# Your goal
Exclude the pictures and reproduce exactly the lines that run from the one holding "Maillot Exterieur Real" to the end of the entries below.

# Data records
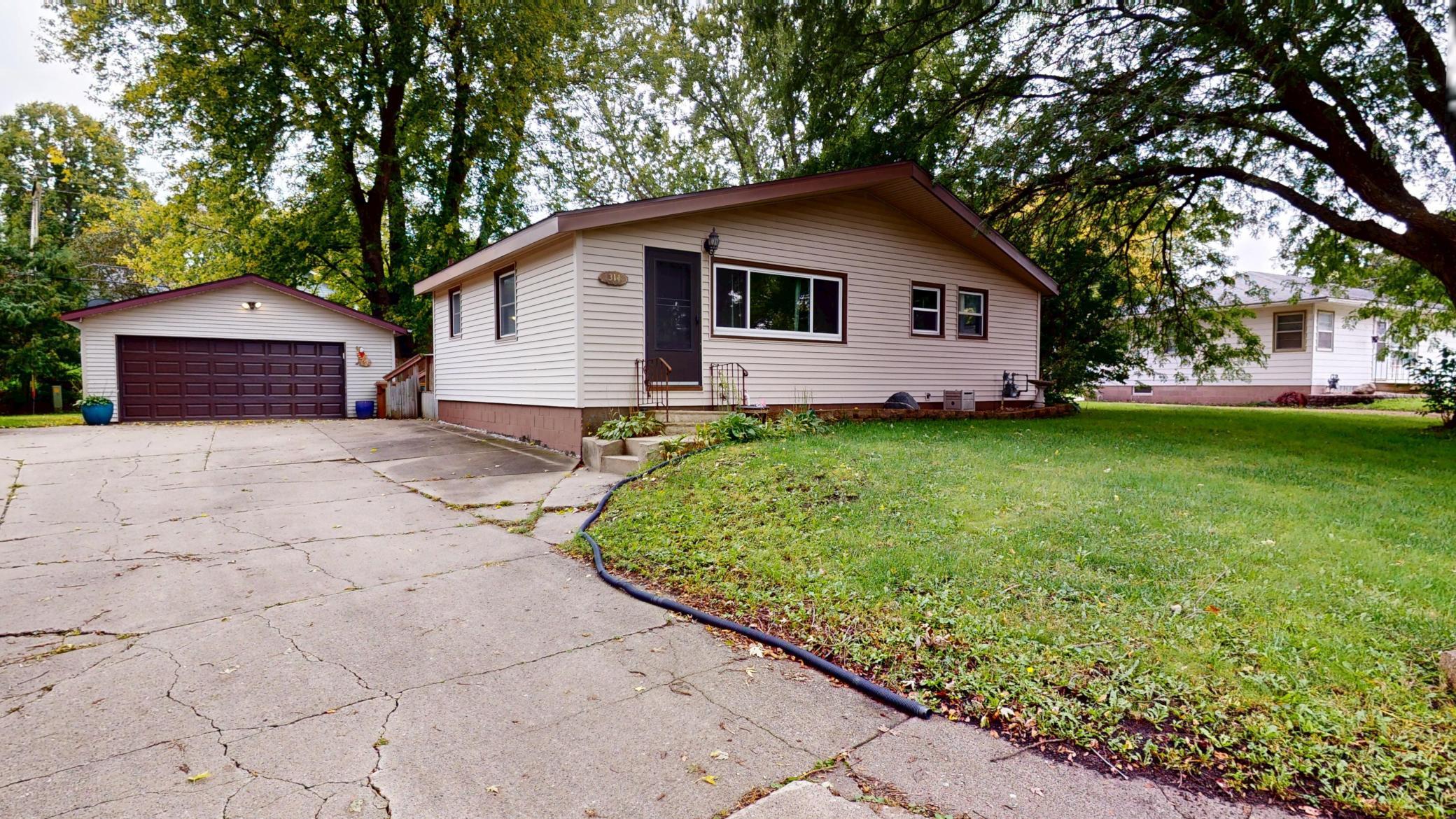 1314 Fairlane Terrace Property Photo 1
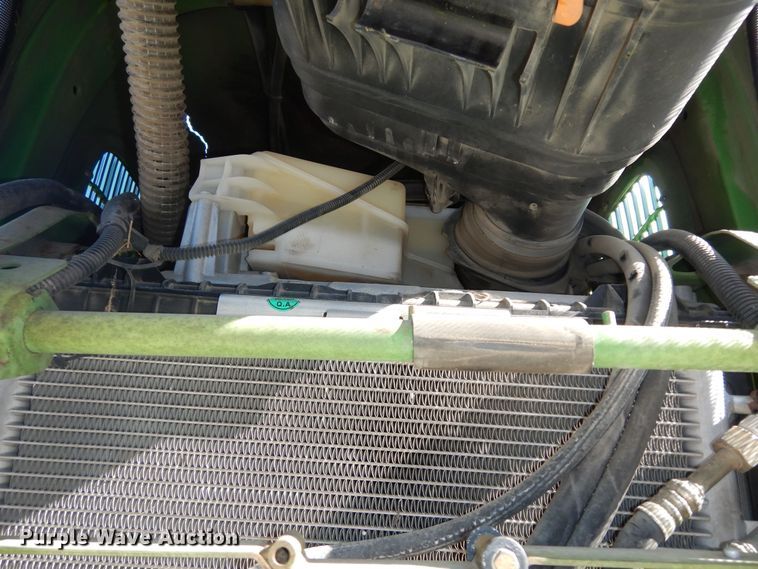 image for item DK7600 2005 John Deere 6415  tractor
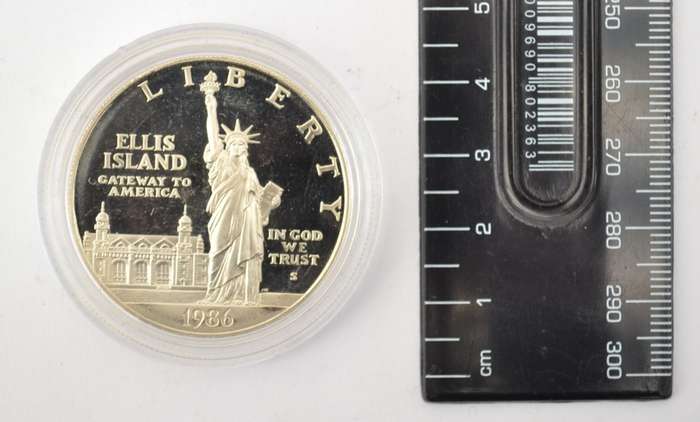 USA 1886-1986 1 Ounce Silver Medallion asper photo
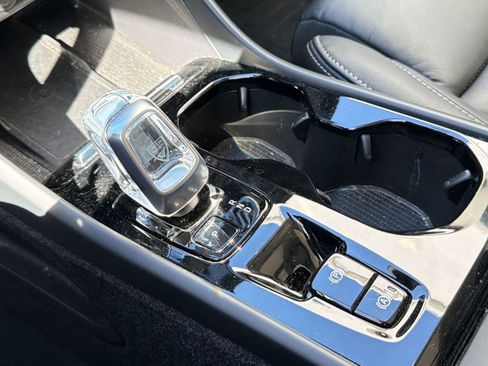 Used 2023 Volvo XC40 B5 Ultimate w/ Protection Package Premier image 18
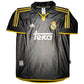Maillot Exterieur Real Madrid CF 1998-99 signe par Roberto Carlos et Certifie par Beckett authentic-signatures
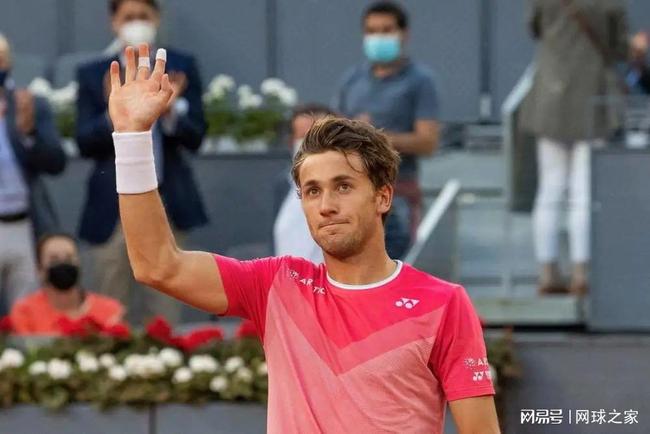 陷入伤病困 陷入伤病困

# Result
Maillot Exterieur Real Madrid CF 1998-99 signe par Roberto Carlos et Certifie par Beckett authentic-signatures
 陷入伤病困 陷入伤病困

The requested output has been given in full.